Requiring RubyGems loads the Gem module which has it’s own internal path array. This array is used by the overridden require method to search for installed gems, in addition to looking in $LOAD_PATH.

That path is:

irb> Gem.all_load_paths
=> ["/opt/local/lib/ruby/gems/1.8/gems/nokogiri-1.4.4/lib"]

So we see the path to Nokogiri in the Gem module’s internal path, which is used in the overwritten require to search for gems. The Gem module constructs this array by going into the default gem respository (in this case /opt/local/lib/ruby/gems/1.8) and writes the absolute path to the lib directory of each gem into the array, as well as any gem-specific load paths defined in the .gemspec file of each gem. You can override the default gem repository by defining the environment variable $GEM_PATH.

This explains how we were able to require Nokogiri without changing $LOAD_PATH.

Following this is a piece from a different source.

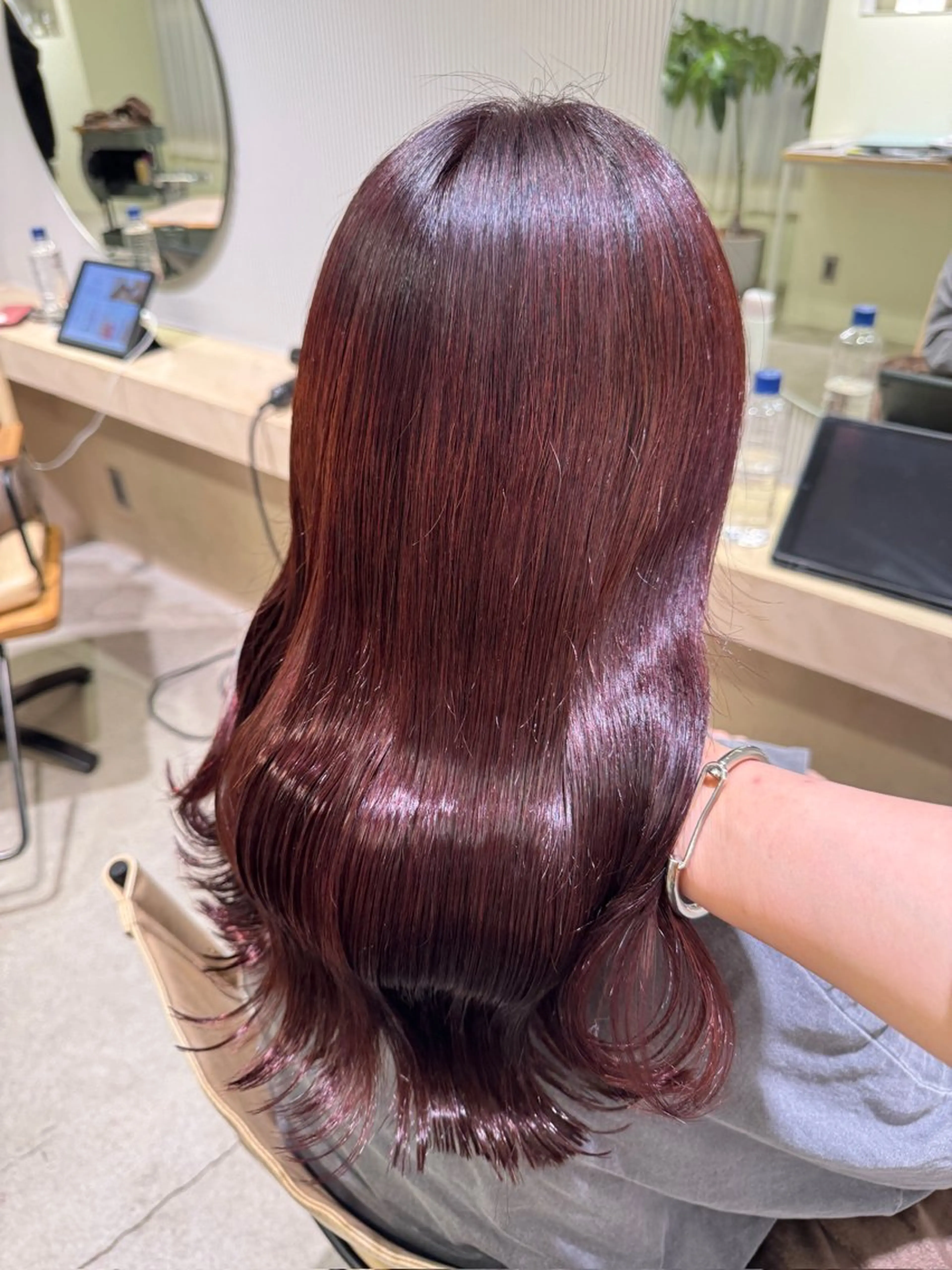 カラー ヘアカラー トリートメント ulu名古屋栄所属・落合しほ/韓国ヘア/ 髪質改善/縮毛矯正のヘアスタイル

So now we see the big picture: Manage gems via the gem command-line tool; require 'rubygems' and then require any gem in Ruby after that.

Ruby 1.9

As of Ruby 1.9, you no longer need to explicitly require 'rubygems' as it’s now baked right into Ruby. However, if you are running 1.8, be careful of literring your code with require 'rubygems' all over as some prominent Rubyists have argued (https://gist.github.com/54177)–and I believe rightly–that it unecessarily couples your code to RubyGems, which is really a environment setup configuration.

The workaround is to set the RUBYOPT environment variable to ‘rubygems’ so that Ruby will run with ‘-rubygems’ as an option to automatically load RubyGems on startup.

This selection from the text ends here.